Case Background (SAVITA KAPILA v. ASSISTANT COMMISSIONER OF INCOME TAX)
On July 16, 2020 Delhi High Court held that an alternative statutory remedy does not operate as a bar to maintainability of a writ petition. Writ petition was filed seeking direction to the respondent to quash the notice issued to the deceased assessee under Section 148 of the Income Tax Act, 1961 and all the consequential proceedings and orderspassed by the respondent.
It was noticed by income tax department that no return had been filed by the deceased assessee and the source of deposits and receipts remained unexplained and had escaped assessment. Accordingly, the case was selected under Section 147/148 of the Act 1961. However,deceased-assessee had already expired on 21st December, 2018.
More notices were served which could not reach him or his legal heirs.The assessing officer then issued an order to legal heirs for non-compliance with notices. A final show cause notice was issued directing to file the return or assessment order would be filed. Proceedings were transferred to petitioner and assessment order was passed in her name whereby the addition of Rs. 21,31,000 was made and demand for Rs. 14,19,060 was raised.
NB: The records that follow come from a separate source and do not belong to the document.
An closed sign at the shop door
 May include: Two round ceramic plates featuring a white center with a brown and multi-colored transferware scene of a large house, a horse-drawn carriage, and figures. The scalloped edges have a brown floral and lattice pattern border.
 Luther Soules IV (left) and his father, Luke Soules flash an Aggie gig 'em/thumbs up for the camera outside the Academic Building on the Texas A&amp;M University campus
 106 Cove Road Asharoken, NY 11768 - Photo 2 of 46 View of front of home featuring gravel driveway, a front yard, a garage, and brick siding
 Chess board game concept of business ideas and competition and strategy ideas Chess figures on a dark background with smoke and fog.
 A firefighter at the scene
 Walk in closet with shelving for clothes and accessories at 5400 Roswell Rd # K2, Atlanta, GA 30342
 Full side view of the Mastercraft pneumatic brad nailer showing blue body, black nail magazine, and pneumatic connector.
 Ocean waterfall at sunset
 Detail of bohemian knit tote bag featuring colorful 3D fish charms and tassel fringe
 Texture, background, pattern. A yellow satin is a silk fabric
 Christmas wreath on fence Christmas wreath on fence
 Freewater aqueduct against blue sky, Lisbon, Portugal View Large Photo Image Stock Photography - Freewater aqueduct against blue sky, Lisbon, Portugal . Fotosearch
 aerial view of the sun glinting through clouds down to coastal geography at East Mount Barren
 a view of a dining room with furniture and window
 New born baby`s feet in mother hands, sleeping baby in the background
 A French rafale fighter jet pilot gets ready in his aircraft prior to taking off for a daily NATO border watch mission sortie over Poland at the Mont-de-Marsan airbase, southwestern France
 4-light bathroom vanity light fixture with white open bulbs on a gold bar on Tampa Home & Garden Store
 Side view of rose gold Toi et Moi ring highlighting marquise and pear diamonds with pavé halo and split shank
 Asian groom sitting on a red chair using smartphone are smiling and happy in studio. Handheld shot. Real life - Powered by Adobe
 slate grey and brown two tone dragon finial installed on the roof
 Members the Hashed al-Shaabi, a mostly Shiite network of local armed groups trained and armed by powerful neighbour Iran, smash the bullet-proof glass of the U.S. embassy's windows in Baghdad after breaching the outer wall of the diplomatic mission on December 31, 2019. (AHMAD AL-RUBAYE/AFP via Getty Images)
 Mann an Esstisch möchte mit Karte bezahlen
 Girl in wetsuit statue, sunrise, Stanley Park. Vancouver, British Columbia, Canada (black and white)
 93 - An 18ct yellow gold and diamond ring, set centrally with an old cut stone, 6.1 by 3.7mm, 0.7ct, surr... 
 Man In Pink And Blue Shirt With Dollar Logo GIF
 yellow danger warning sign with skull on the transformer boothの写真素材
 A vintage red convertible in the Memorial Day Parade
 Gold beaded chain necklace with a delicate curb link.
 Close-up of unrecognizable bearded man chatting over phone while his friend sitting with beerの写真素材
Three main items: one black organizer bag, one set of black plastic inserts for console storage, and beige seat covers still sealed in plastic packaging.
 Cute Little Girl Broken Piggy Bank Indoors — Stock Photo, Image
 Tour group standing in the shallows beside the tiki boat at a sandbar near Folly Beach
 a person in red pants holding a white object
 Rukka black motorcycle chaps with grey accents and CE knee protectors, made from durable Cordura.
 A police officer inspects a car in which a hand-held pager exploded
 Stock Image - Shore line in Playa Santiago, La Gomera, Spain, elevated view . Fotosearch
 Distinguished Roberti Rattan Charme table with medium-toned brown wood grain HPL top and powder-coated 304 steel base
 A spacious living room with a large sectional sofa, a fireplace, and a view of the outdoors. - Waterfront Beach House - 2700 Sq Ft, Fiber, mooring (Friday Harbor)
ARGUMENTS ON BEHALF OF THE PETITIONER
The petitioners claimed that the requirement under Section 148 of the Act, 1961 had not been fulfilled and pointed that notices were not issued to petitioner or any legal representative and proceeding were transferred to the petitioner and no other legal representative. It was submitted that the proceedings against the petitioner were barred by limitation as per section 149(1)(b). It also argued that Section 159 won’t be applicable in this case as proceedings were not initiated against assessee when he was alive.
ARGUMENTS ON BEHALF OF THE RESPONDENT
It was submitted by the respondent that the writ petition could not to be entertained as it had been preferred after the completion of assessment proceedings and in accordance with the statutory provisions, and it claimed that the petitioner must approach the Appellate Commissioner under Section 246A, for grievance. He submitted that the legal representative is liable for the liabilities of the deceased-assessee under section 159 and it cannot be said that the assessment proceedings are null and void because the Assessing officer was unaware of the death. It was further submitted that the proviso to Section 292BB of the Act would be attracted to the present case and the petitioner would be prevented from questioning the validity of the notice.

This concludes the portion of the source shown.